According to the Wall Street Journal, a Washington D.C. grand jury issued a March 11 subpoena requesting emails, correspondence, and other messages from at least one person involved in the development of the aircraft.
“It's a very, very serious investigation into basically, was there fraud by Boeing in the certification of the 737 Max 8?” Arthur Rosenberg, an aviation attorney who is representing six families whose relatives died in the Ethiopian Airlines and Lion Air crashes, explained.
“Nobody knows the answer to that yet,” Rosenberg cautioned, adding that he had not yet seen the Justice Department’s subpoena and therefore could not know its full scope.
Rosenberg expects the criminal probe to question whether Boeing fully disclosed to the FAA the engineering of the 737 Max 8’s MCAS flight control system, called MCAS (Maneuvering Characteristics Augmentation System), during the plane’s certification process. The flight control system was designed to prevent the plane from stalling.
“That's what these subpoenas are designed to,” Rosenberg said.
A misrepresentation to the FAA?
According to The Seattle Times, the approval process for the MCAS system was delegated to Boeing. The system’s features are designed to automatically tilt the nose of the aircraft down as a method to prevent aerodynamic stall.

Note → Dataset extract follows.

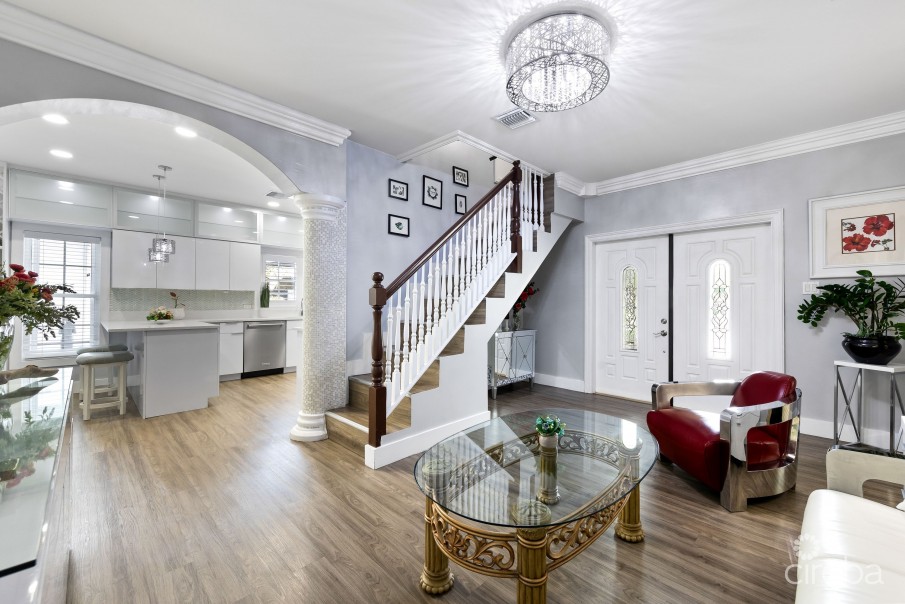 SINGLE FAMILY GEM IN NORTH SOUND ESTATES - Image 2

“The original Boeing document provided to the FAA included a description specifying a limit to how much the system could move the horizontal tail — a limit of 0.6 degrees, out of a physical maximum of just less than 5 degrees of nose-down movement,” The Seattle Times reported. “That limit was later increased after flight tests showed that a more powerful movement of the tail was required to avert a high-speed stall, when the plane is in danger of losing lift and spiraling down.”
Rosenberg said the Seattle Times article suggests that Boeing, during the flight test stage, expanded the authority of the MCAS system so that it could command the full nose down trim condition, expanding its capability from a system of “limited authority” to a system of “full authority.”
Because full authority systems pose more risk, they require increased redundancies or back-ups that allow pilots to intervene.
“If that wasn't properly documented, and if that Seattle Times article is correct, it looks like Boeing misrepresented to the FAA what the authority of the stabilizer was,” he said.